The Democratic Party often struggles to balance the conflicting demands of corporations and labor, and Mr. Furman’s appointment rang some alarm bells that Mr. Obama might be tilting toward the corporate side — a tilt that Mr. Rubin says does not exist. He argued in an interview on Wednesday that his views were essentially in line with Mr. Obama’s already stated policies.

“I totally support Obama,” Mr. Rubin said, acknowledging his long allegiance to Hillary Clinton. “I was not going to leave Hillary until she pulled out,” he said, adding: “I think Barack Obama is very well equipped to provide the presidential leadership that the country very badly needs in a rapidly changing world.”

Mr. Furman, who served as an adviser in John Kerry's 2004 campaign for president, came to his new post suddenly on Monday, moving hastily to Chicago, where Mr. Obama has his headquarters. Until Friday, he was director of the Hamilton Project, a policy research operation founded by Mr. Rubin, who is now chairman of the executive committee at Citigroup. Mr. Rubin provides financing for the project, along with other wealthy Democrats.

Of particular concern to labor is the Hamilton approach to trade. While labor wants restrictions that would preserve jobs, the Rubin camp wants free trade that might cost jobs but would be offset by a broader safety net channeling more income support and job training to the job losers. Mr. Obama talks of “fair” trade agreements that include labor and environmental standards, a position that falls short of what Mr. Sweeney has in mind.

In his statement criticizing Mr. Furman’s appointment, Mr.

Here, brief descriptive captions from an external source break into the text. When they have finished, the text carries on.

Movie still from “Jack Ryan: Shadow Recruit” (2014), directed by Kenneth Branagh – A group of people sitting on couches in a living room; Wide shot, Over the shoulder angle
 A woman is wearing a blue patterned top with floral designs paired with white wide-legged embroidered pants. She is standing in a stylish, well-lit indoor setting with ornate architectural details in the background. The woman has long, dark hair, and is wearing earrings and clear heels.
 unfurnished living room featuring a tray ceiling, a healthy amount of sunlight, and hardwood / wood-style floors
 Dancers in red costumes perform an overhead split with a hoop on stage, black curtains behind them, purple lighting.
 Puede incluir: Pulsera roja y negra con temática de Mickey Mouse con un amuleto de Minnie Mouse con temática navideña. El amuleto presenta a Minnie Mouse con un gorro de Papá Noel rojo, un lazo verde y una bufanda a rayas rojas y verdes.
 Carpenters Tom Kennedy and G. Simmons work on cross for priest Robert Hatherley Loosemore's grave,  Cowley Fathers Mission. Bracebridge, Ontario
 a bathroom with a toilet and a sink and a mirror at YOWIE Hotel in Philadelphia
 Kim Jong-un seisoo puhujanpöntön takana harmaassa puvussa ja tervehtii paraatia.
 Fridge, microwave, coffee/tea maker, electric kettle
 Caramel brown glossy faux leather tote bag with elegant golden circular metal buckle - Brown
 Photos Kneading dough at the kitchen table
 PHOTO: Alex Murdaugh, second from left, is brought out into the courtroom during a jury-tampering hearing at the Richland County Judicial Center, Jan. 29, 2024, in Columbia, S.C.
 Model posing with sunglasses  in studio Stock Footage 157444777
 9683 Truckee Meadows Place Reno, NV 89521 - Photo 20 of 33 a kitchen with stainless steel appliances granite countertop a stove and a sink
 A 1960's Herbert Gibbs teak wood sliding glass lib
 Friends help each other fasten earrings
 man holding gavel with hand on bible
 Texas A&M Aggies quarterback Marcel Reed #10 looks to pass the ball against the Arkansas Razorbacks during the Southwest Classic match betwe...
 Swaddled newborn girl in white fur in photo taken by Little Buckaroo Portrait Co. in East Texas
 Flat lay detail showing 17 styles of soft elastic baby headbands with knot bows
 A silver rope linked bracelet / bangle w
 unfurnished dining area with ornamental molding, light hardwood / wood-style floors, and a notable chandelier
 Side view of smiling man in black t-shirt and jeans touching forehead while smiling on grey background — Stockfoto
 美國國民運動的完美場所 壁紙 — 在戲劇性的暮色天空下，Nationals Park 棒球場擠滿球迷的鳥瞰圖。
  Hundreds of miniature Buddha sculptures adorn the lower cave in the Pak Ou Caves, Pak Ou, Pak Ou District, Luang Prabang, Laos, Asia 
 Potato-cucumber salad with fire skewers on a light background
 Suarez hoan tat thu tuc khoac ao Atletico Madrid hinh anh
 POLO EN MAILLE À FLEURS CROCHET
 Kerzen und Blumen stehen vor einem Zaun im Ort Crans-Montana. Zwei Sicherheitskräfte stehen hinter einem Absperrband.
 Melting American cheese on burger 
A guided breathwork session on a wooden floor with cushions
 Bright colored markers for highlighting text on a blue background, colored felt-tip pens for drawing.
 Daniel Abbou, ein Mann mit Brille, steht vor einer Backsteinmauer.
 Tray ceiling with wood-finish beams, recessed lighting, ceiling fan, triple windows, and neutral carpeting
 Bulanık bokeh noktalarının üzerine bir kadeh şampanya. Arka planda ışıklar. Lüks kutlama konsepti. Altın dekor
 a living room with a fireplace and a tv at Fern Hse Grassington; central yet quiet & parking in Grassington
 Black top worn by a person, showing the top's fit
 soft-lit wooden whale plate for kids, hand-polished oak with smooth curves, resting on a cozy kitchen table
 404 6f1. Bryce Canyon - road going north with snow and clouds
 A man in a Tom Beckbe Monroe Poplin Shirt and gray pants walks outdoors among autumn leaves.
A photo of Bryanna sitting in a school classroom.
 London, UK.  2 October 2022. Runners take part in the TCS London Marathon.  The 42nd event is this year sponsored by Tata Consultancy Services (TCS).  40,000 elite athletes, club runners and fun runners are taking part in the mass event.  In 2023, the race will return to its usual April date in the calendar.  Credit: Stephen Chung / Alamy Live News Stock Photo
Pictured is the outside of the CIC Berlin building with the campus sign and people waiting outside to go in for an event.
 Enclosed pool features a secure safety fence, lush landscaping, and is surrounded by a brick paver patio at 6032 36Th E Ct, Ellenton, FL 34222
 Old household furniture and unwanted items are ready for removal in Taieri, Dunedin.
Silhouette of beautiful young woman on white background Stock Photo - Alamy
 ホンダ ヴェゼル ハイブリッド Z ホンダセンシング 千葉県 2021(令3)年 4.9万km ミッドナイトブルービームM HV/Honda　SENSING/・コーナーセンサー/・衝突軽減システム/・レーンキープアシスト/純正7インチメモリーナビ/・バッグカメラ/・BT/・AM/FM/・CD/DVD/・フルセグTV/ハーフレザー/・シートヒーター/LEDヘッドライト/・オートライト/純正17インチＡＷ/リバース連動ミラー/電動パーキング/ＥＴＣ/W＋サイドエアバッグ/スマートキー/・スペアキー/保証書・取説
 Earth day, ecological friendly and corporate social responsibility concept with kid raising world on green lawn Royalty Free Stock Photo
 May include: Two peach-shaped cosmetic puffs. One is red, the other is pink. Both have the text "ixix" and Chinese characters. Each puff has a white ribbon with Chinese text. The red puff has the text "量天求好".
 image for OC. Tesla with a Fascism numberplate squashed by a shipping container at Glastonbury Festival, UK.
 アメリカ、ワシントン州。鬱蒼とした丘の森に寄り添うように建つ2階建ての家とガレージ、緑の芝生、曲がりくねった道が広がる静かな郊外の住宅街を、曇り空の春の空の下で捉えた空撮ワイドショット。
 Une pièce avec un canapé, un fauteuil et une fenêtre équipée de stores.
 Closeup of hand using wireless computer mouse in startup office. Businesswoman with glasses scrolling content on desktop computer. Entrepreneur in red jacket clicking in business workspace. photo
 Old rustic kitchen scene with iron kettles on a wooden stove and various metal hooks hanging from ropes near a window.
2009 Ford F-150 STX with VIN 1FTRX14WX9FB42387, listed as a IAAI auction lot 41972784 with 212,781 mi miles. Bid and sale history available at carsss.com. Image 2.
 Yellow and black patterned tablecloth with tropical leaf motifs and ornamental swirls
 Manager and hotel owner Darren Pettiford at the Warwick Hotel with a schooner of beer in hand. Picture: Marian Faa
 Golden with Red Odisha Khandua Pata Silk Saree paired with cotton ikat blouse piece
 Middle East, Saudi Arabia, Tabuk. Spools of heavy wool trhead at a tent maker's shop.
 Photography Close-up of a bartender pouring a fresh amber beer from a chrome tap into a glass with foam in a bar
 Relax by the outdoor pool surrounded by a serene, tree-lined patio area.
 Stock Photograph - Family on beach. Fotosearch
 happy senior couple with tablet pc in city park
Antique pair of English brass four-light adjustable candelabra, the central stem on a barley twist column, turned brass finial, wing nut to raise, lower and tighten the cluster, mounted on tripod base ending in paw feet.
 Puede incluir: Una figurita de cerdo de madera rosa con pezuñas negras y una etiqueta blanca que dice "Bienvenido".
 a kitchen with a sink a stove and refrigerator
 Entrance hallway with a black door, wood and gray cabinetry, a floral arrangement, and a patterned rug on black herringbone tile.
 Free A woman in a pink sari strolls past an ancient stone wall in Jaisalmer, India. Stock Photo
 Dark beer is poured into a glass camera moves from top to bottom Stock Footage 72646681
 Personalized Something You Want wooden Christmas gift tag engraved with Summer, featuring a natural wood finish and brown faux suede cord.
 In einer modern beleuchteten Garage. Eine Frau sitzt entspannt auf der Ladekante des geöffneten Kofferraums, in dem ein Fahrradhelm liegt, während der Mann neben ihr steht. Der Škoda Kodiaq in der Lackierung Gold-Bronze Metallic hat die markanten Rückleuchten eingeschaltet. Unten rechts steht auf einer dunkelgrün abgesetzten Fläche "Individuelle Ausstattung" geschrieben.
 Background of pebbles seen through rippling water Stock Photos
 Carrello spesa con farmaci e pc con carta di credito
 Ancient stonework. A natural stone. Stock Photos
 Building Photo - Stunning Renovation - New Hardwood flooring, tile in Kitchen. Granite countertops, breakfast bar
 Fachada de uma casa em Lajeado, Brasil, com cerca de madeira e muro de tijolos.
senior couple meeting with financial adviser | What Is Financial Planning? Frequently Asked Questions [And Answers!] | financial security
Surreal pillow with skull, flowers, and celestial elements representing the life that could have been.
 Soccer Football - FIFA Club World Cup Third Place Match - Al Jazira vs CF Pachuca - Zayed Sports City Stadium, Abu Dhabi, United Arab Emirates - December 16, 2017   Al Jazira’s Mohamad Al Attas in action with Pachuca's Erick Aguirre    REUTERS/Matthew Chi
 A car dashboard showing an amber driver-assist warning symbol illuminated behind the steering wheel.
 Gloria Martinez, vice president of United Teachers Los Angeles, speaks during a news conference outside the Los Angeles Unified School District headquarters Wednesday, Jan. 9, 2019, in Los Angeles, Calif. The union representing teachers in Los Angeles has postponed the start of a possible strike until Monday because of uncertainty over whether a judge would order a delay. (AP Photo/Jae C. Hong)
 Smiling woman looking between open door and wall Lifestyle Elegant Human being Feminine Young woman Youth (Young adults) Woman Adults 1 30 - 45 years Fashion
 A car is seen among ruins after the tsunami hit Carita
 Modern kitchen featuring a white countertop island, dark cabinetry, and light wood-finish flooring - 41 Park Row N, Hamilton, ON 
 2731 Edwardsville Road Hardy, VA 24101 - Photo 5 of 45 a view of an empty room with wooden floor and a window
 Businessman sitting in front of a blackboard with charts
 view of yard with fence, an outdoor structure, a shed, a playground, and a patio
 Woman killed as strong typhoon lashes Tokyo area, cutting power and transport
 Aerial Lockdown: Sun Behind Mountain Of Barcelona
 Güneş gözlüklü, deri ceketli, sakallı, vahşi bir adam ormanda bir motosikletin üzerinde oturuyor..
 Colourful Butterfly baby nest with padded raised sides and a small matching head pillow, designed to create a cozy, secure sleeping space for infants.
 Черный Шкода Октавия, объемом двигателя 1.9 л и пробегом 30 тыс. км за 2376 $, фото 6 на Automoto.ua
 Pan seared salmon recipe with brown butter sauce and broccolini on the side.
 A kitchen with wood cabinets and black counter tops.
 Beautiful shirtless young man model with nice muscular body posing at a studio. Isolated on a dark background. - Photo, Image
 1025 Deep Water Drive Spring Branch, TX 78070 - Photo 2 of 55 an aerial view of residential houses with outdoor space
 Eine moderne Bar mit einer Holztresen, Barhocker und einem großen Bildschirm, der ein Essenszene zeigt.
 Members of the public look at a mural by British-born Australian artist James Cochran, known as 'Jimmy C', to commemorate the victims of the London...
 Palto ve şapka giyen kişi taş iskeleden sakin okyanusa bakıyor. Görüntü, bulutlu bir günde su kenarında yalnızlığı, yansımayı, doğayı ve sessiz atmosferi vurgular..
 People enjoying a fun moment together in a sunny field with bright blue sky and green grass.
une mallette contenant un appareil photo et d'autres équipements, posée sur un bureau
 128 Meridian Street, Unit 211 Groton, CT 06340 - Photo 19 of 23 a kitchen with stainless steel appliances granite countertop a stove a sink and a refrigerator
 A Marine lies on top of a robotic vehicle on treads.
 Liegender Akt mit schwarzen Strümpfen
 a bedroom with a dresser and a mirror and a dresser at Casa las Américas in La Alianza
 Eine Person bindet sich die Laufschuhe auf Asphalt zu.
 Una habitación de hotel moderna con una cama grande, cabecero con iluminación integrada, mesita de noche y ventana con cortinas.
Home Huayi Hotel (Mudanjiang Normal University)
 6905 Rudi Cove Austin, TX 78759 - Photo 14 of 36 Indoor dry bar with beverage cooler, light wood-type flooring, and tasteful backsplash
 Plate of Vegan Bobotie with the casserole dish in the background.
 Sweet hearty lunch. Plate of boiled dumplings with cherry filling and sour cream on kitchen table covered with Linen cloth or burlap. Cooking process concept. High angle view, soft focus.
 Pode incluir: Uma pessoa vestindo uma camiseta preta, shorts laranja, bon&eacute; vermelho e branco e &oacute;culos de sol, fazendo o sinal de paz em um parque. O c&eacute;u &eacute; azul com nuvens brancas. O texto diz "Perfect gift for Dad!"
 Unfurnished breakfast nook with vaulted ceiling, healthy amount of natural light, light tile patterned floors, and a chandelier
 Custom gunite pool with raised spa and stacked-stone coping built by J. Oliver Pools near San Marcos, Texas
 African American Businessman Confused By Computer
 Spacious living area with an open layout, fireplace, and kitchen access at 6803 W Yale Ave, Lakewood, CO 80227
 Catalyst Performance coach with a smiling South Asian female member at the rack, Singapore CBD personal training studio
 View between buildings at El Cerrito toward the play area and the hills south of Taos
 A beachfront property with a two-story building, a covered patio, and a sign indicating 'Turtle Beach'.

Sweeney said, “The fact that our country’s economic policies have become so dominated by the Wall Street agenda — and that it is causing working families real pain — is a top issue we will be raising with Senator Obama.”

This is a very good sign for the labor movement, we'll see how Obama moves from here to see if it's also a good sign for progressive economic politics in an Obama administration. One of organized Labor's problems has been it's inability to pressure the democratic leadership on labor issues, and stop the party from siding with big business interests. Well, clearly as this story shows that divide is alive and well, but the good news is that the labor movement is making their displeasure known, and hopefully that can serve as a warning the Obama campaign to stop fucking up.

Like I said, doing this isn't just the right thing to do, it's smart politics. It bothers becayse I think this stuff is horrific policy wise... but it bothers me just as much that he's associating with clods who think republican-lite economic policy will help him win elections. That's really dangerous, because these fucks obviously have trouble adding up their own win-loss records.

Here's how he recovers. At the start of next week, he goes to Ohio or Michigan, and he announces that he will co-sponsor a truly progressive bill, the TRADE Act. That would assure labor that he isn't selling them out (and making sure they give 110% to elect him) in addition to giving star power to an important piece of legislation. There's not a chance in hell of this happening, but hey, more free advice can't hurt right?


  1. It's nice to know that with regard to global trade we'll be voting in a one-party system. I hope he's not serious about this guy.

  2. Like I've always said, the man is not a progressive. I fear this is one of the first of a long string of future heartbreaks. But (sigh) he's what we've got.